Most of the farmers around here pen their sheep for the winter into barns and grain/hay them.  Some pen them into sacrifice areas for the same purpose.  I rarely see sheep out on pasture around here in the winter months.  

I don't know if that has more to do with preserving the grass or because of the predators more actively preying on livestock in the winter months.


----------



## aggieterpkatie (Oct 31, 2011)

If they graze the grass below 3" (or 2" at the very lowest) then yes, they will harm the grass.  It would be good to set up a "sacrifice lot" if you don't already have one. This is an area where they can stay when there is no pasture (like in drought conditions, or if it's too muddy, etc).  You can feed them in there, and they've got space, but they'll stay off your pasture.


----------



## Beekissed (Oct 31, 2011)

I do this and also provide shelter over feeding areas so they don't get muddy and trampled from excess use.  I provide dry and wind-blocked lounging areas and place wood shavings in these to keep things dryer.  If you have fine wool breeds, you might want to not have the shavings but for my hair sheep it worked wonderfully. 

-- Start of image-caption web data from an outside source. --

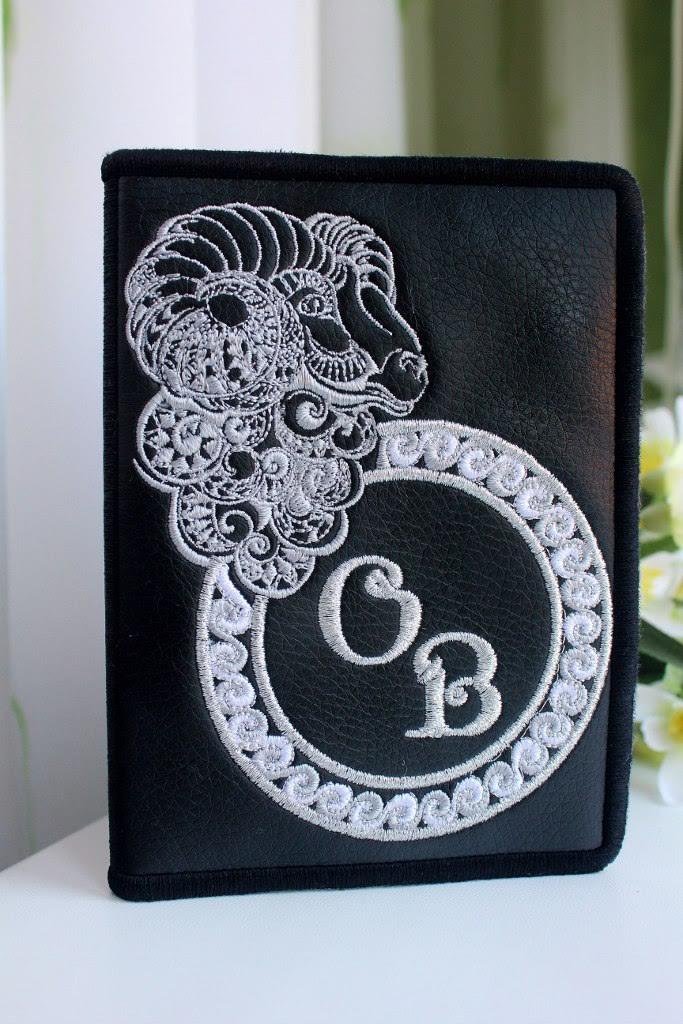 Embroidered wallet with ram head design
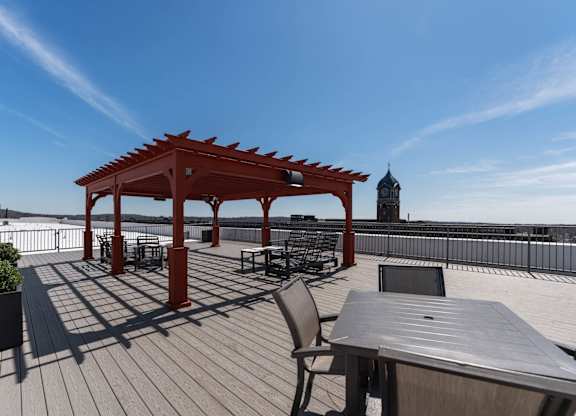 A wooden gazebo with a table and chairs is set up on a wooden deck.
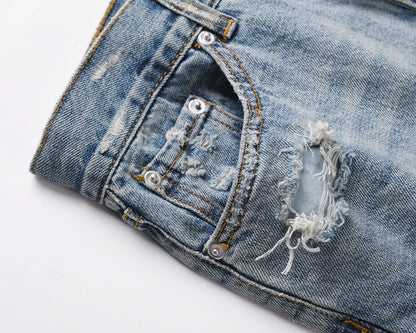Premium distressed denim jeans with ripped detailing, perfect for casual streetwear style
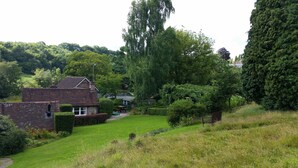 A house with a sloped roof, a visible chimney, and a well-maintained lawn. - Charming English cottage, Ashdown Forest, excellent pub (Danehill)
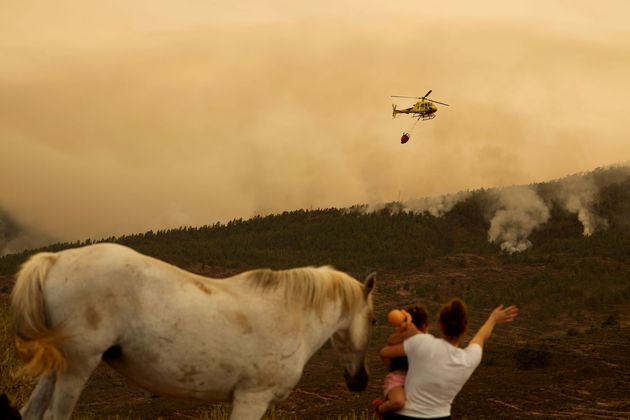 Elianna Diaz, 26 anos, com sua filha Gisella Paz, de 2 anos, e seu cavalo Latina, enquanto incêndios florestais saem de controle em El Rosario, na ilha de Tenerife (Espanha)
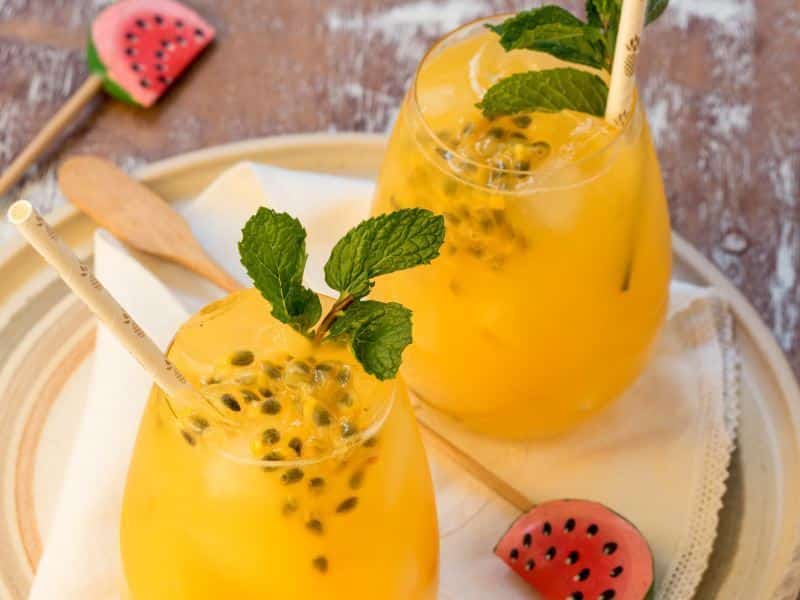 Passion Fruit & Ginger Mojitos in wine glasses with watermelon swizzle sticks.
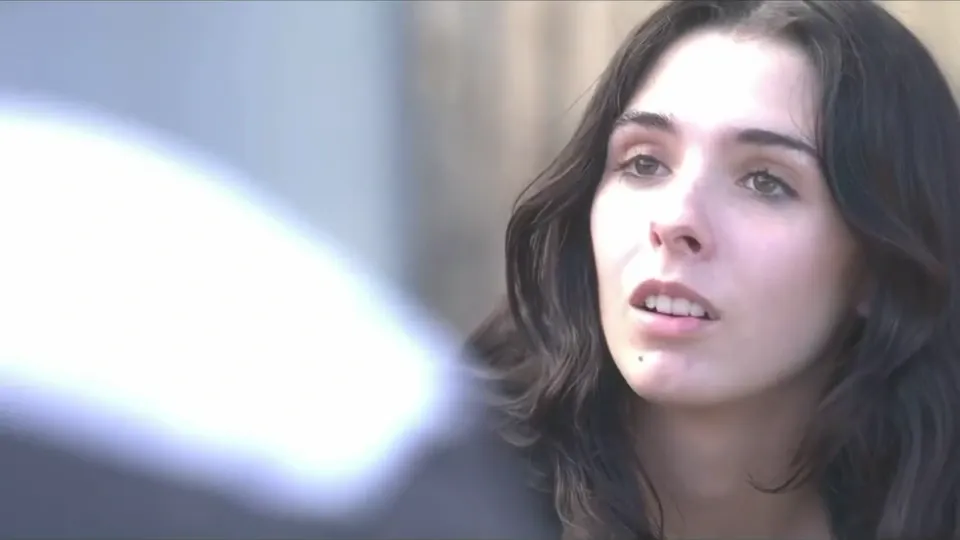 Elisabeth Fitzgerald outdoors, looking up at someone off camera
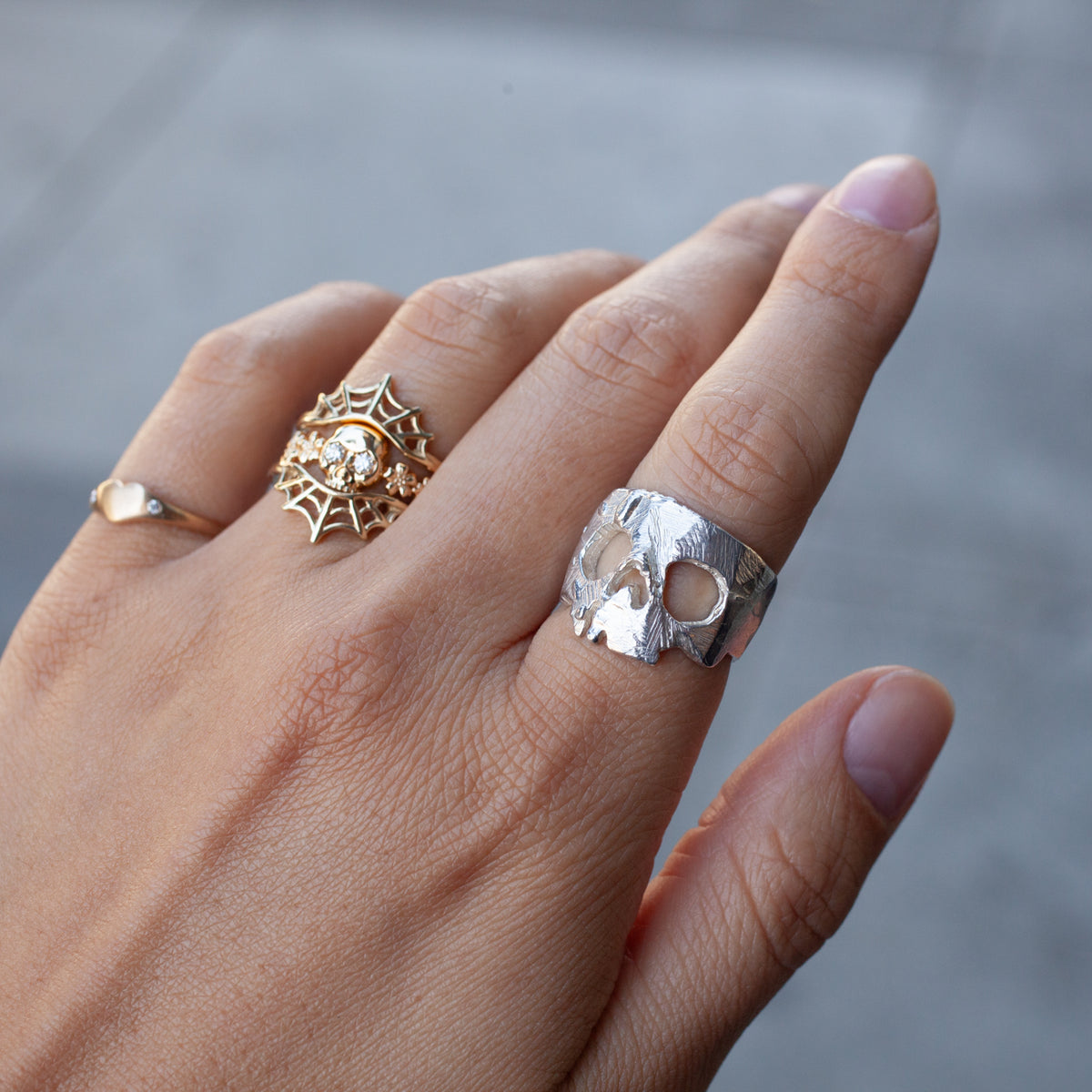 Three rings: a gold heart, gemmed spiderweb, and Ioanna Eleftheriou’s Nekrokefali Ring (S) on the middle finger.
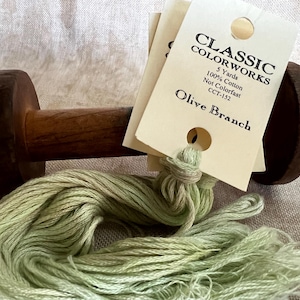 May include: A wooden thread holder with a skein of light green thread and tags that read "Classic Colorworks Olive Branch". The thread is 100% cotton and is 5 yards in length.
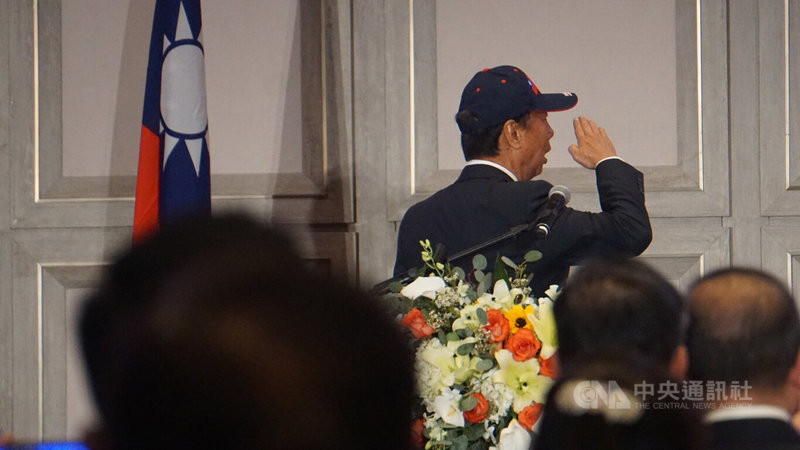 鴻海集團創辦人郭台銘美西時間3日晚上在洛杉磯演講,演講一開頭他邀全場唱美國國歌及中華民國國歌。照片可見他開口唱歌,向國旗行舉手禮。中央社記者林宏翰洛杉磯攝 112年4月4日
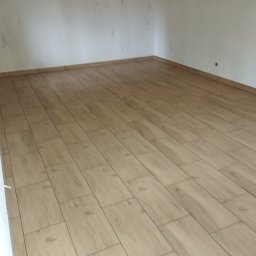 BARTŁOMIEJ GAŹDZIAK USŁUGI BUDOWLANE - Pusta przestrzeń w rogu pokoju z nową, jasną podłogą z paneli imitujących drewno i pomalowanymi na biało ścianami z widocznymi zabrudzeniami.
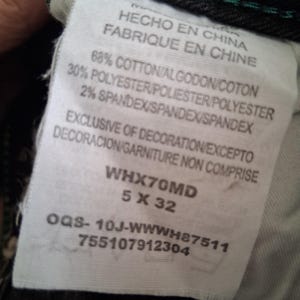 K&ouml;nnte beinhalten: Nahaufnahme eines wei&szlig;en Etiketts mit Text in Englisch, Spanisch und Franz&ouml;sisch. Das Etikett lautet "HECHO EN CHINA" und "FABRIQUE EN CHINE". Es gibt die Stoffzusammensetzung an: 68 % Baumwolle, 30 % Polyester und 2 % Elasthan. Das Etikett hat auch den Produktcode WHX70MD 5 X 32.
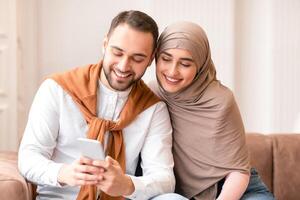 Front View Of Muslim Couple Using Cellphone Sitting On Sofa Together At Home. Middle Eastern Spouses Browsing Internet And Using Social Media On Smartphone Indoors. New Mobile Application Concept photo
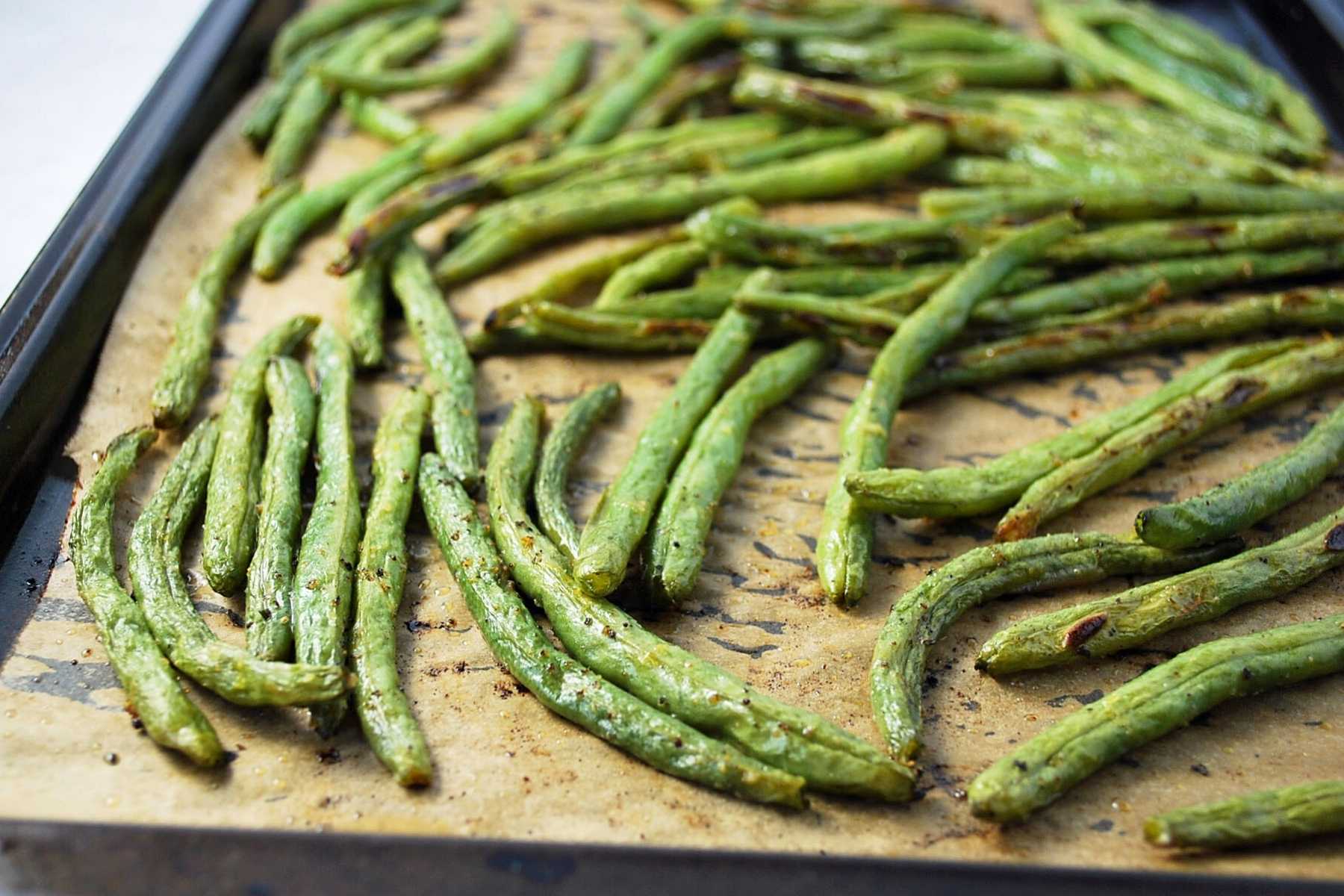 green beans roasted on a baking sheet.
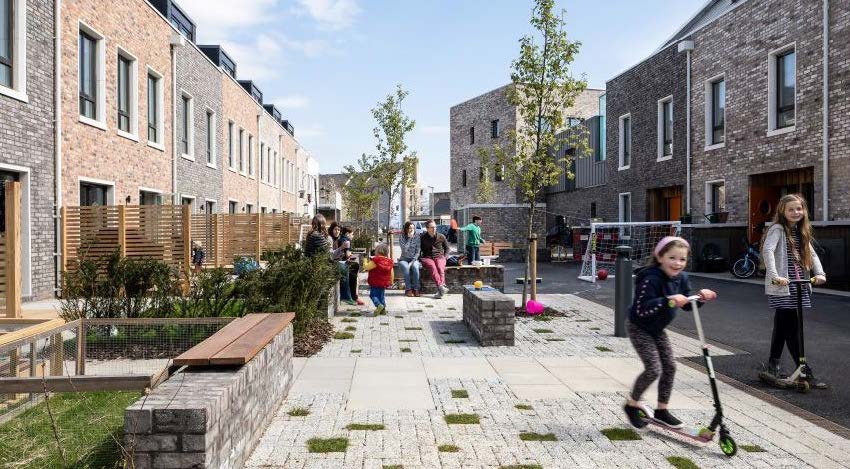 A modern design incorporates local stone and provides a strong street scene based on traditional terraces. Uses native street trees to provide a positive setting.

A sacrifice area doesn't have to be large, it need only have a place for the animals to get out of the wind and weather and a place to keep hay/feed dry and reasonably dry footing....I don't like the sheep having constantly wet feet from deep muddy conditions.  A place with good runoff/drainage is nice.


----------



## bonbean01 (Oct 31, 2011)

Thanks all...we've been wintering them as you suggested and will continue to do that.  Just wondered if there was a way of getting out of buying more hay, but will get more in and winter them as usual.  Even in the summer, we always put them in their enclosure with shelter every night, with lights on.  No predator attacks yet and we plan to keep it that way!


----------



## RustyDHart (Oct 31, 2011)

I pulled my flock off the big pastures about a week ago.....and started to feed hay.   They have a 2 acre Winter yard that they stay in 'til the middle of May.   They have the barn to go in and plenty of area to exercise....   Good hay and minerals are essentials for Winter sheep keeping.


----------



## bonbean01 (Oct 31, 2011)

yup...ifin it ain't broken...don't fix it


----------



## theawesomefowl (Oct 31, 2011)

I'm going to put my girls on a bare spot in the winter so they have room, and let them chew down the stumps there. I have to reseed it anyway, so  they may as well be there!


----------



## secuono (Nov 10, 2011)

There is a farm in VA that has purely grass fed beef and lambs. 200 acres over a big mountain. They rotate them all year long, never penned. Grass seems fine and they have a lot of cows and a lot of sheep! 
Might help to ask one of these sheep farmers.



As for me, I'm leaving them free on the 4.5 acres w/the horses 24/7 no matter the time of year.


----------